- Theatrical poster
- Directed by: Rob Williams
- Written by: Rob Williams
- Produced by: Rodney Johnson (producer) Rob Williams (producer) Roger D. Johnson, Michael NgTang and Christopher Patrino (executive producers)
- Starring: Tom Goss Scott Sell
- Cinematography: Paul D. Hart
- Edited by: Mike Jefferson Justice
- Music by: Jake Monaco
- Production company: Guest House Films
- Release date: July 1, 2014;
- Country: United States
- Language: English

= Out to Kill =

Out to Kill is a 2014 film written and directed by independent filmmaker Rob Williams, who has made a name for himself in the gay genre. It was produced by GHF Films Productions and released on Guest House Films.

==Synopsis==
Out to Kill is a gay-themed film with a "whodunit" murder plot.
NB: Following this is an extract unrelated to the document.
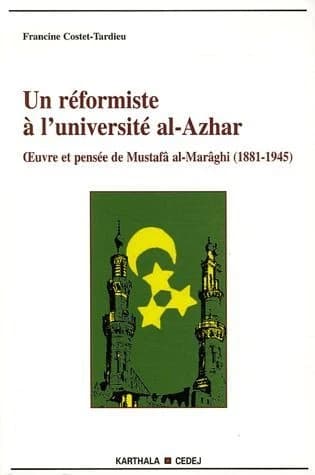 Un réformiste à l'Université al-Azhar : oeuvre et pensée de Mustafâ al-Marâghi (1881-1945)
Gay private investigator Jim Noble (played by Scott Sell) moves into a loft complex in Tampa, to find his first case literally right outside his door – the corpse of one of his neighbors, Justin Jaymes (played by out up-and-coming singer Tom Goss in his film debut), floating in the pool right in the middle of the complex's courtyard. When he is hired to solve the crime, Jim quickly learns that everyone in the complex has secrets, and that someone was willing to kill to keep their secrets hidden.

==Cast==
- Tom Goss as Justin Jaymes
- Scott Sell as Jim Noble
- Rob Moretti as Gene Sherman
- Christopher Patrino as Henry Rutherford
- Mark Strano as Vic Barnaby
- Lee Williams as Steve
- Nicolas Burgos	as Stephen
- Christopher Cutillo as Steven
- Jeffrey Klein as Mikal Birdwell
- Aaron Quick Nelson as Lamar
- Joey Panek as Frederico
- Michael Kenneth Fahr as Ted
- Karleigh Chase	as Ann Fitzsimmons
- Mark Manning as Patrick Mason

==Screenings and awards==
Out to Kill has been shown at the Tampa International Gay & Lesbian Film Festival, qFLIXphiladelphia, the Kansas City LGBT Film Festival, and the North Carolina Gay & Lesbian Film Festival. It won First Prize, Alternative Spirit Award (LGBTQ) Feature, at the Rhode Island International Film Festival. It has also toured internationally at the Korea Queer Film Festival and the KASHISH Mumbai International Queer Film Festival.